• [EXERCISE PROMPT] Leave no picture in, and give every entry again exactly.

• [TASK MATERIAL]

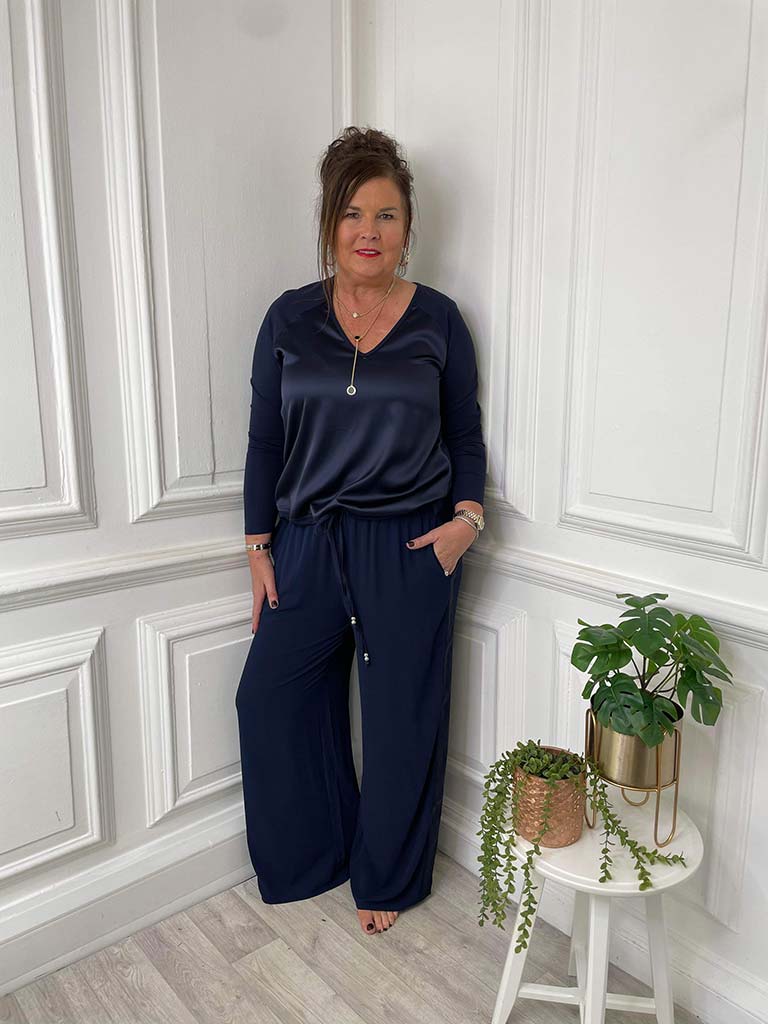 Malissa J Silk Feel Side Stripe Trousers - Navy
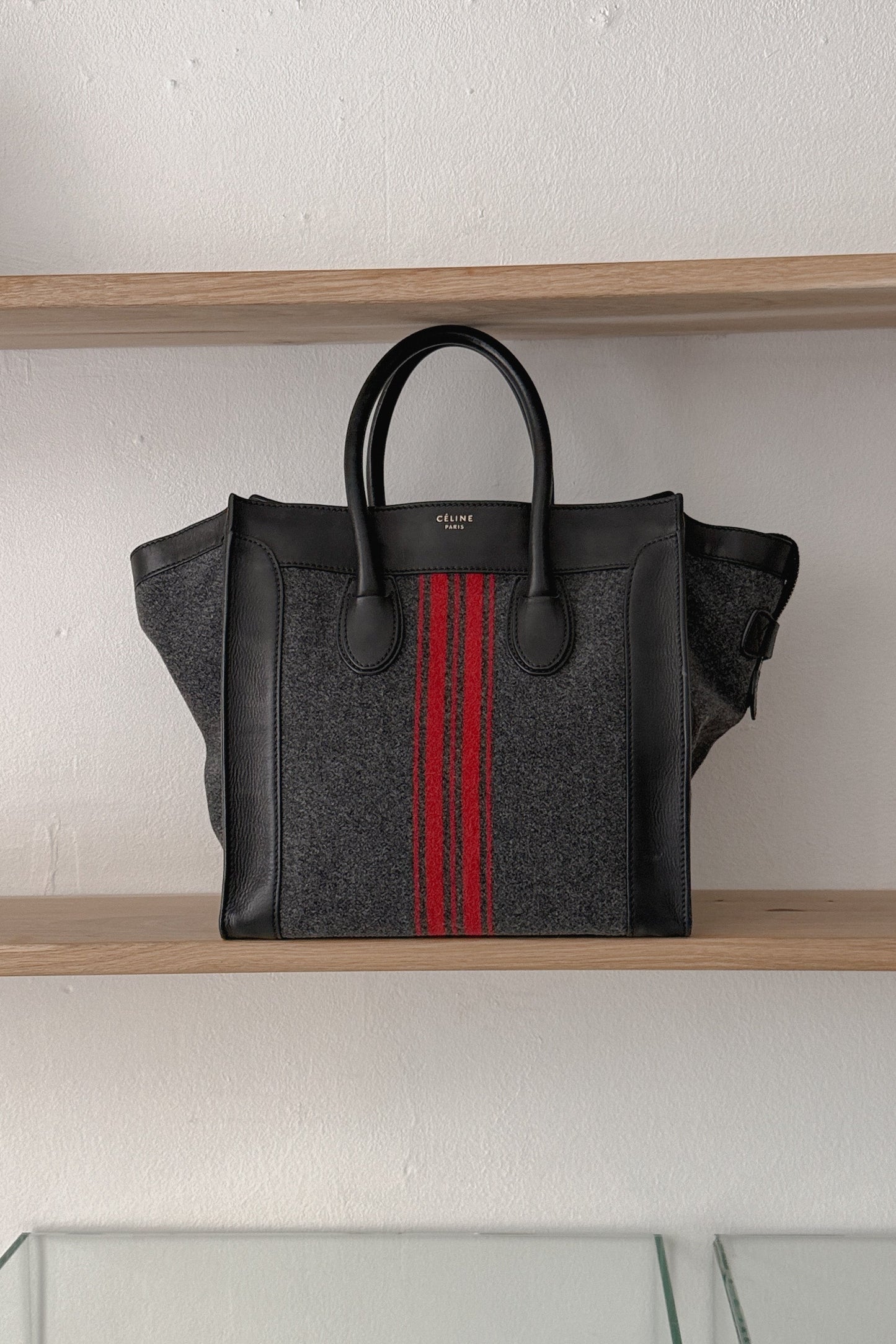 Celine Luggage Mini Tote – Wool & Leather Handbag. WILDE Copenhagen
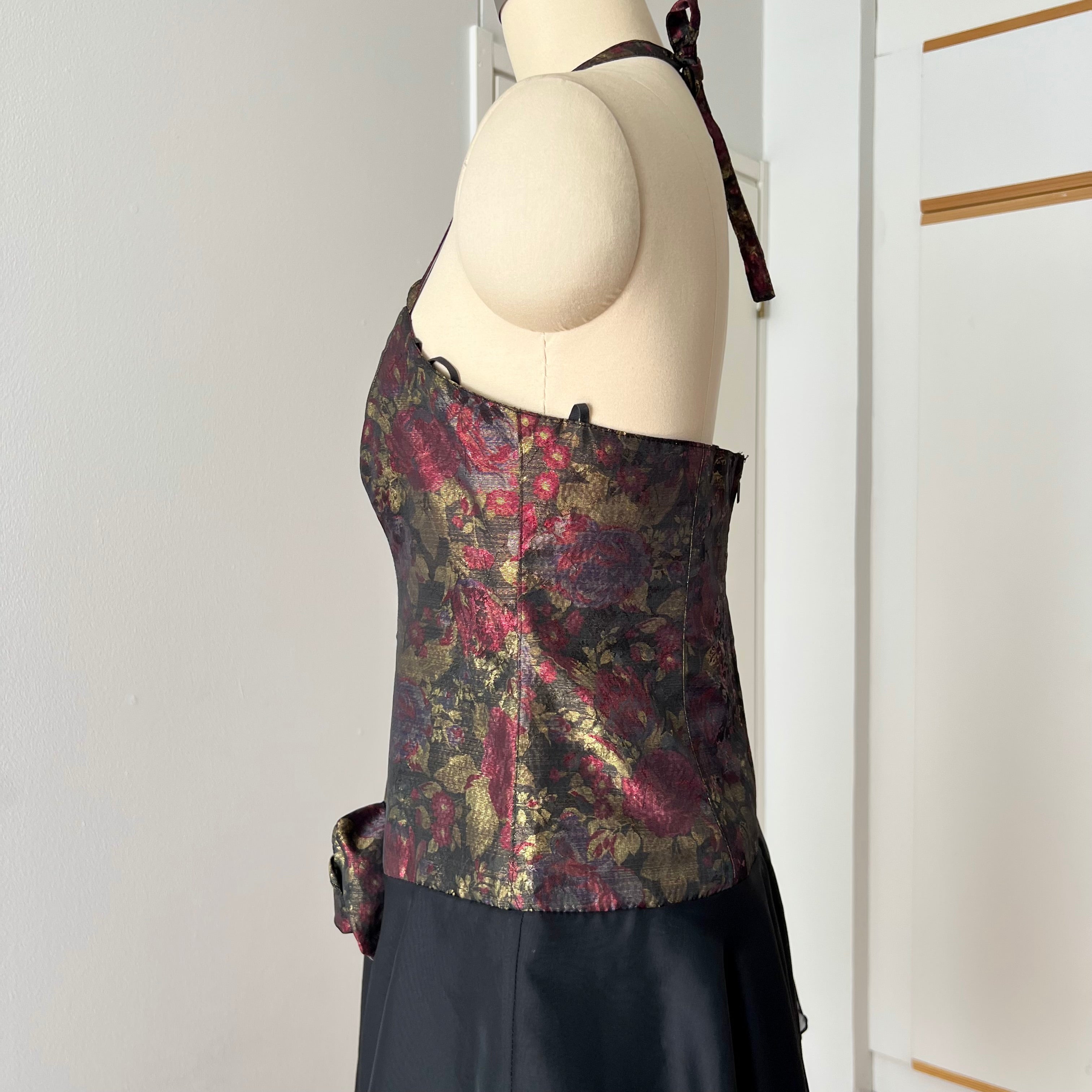 1980s Floral Brocade Halter Neck Dress Tiered Ruffles Cocktail Party Whimsy Evening Gown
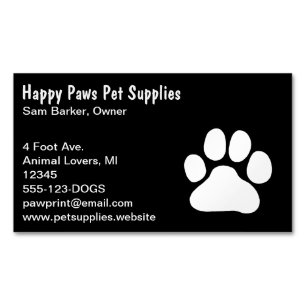 Dog Paw Print Zwart wit Pet Care Magnetisch Visitekaartje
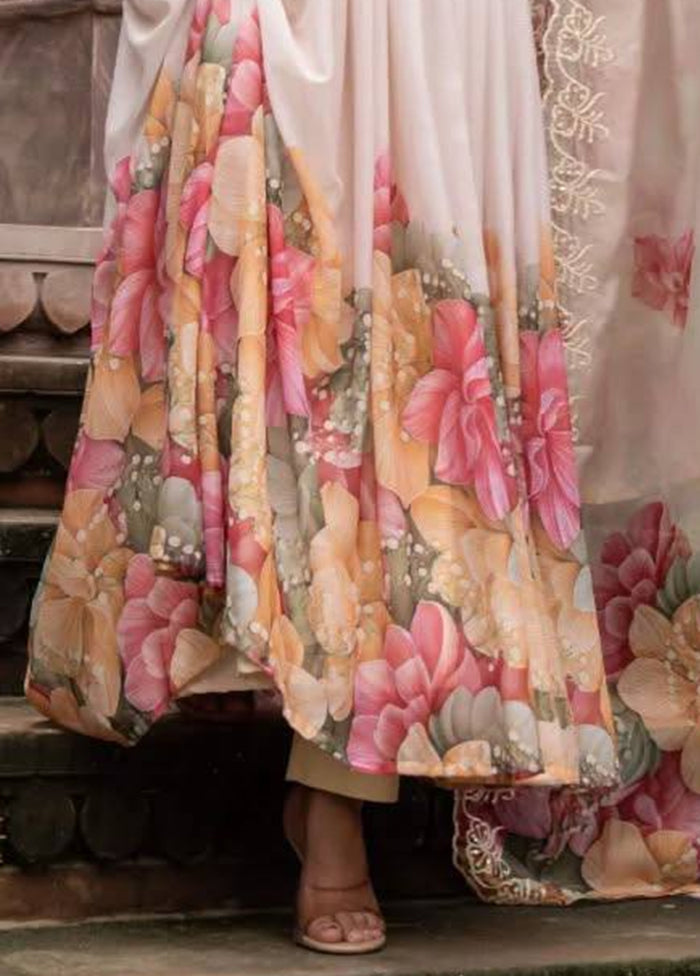 3 Pc Peach Georgette Suit Set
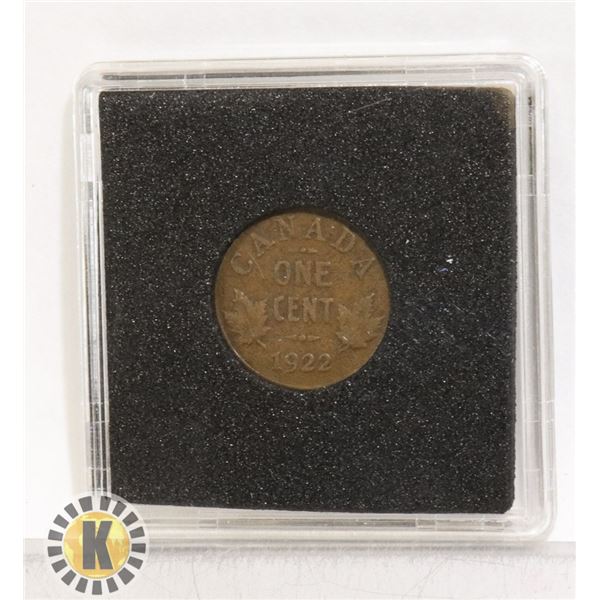 1922 RARE KEY DATE CANADIAN 1 CENT COIN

• [RESPONSE TO THE TASK]
 Malissa J Silk Feel Side Stripe Trousers - Navy
 Celine Luggage Mini Tote – Wool & Leather Handbag. WILDE Copenhagen
 1980s Floral Brocade Halter Neck Dress Tiered Ruffles Cocktail Party Whimsy Evening Gown
 Dog Paw Print Zwart wit Pet Care Magnetisch Visitekaartje
 3 Pc Peach Georgette Suit Set
 1922 RARE KEY DATE CANADIAN 1 CENT COIN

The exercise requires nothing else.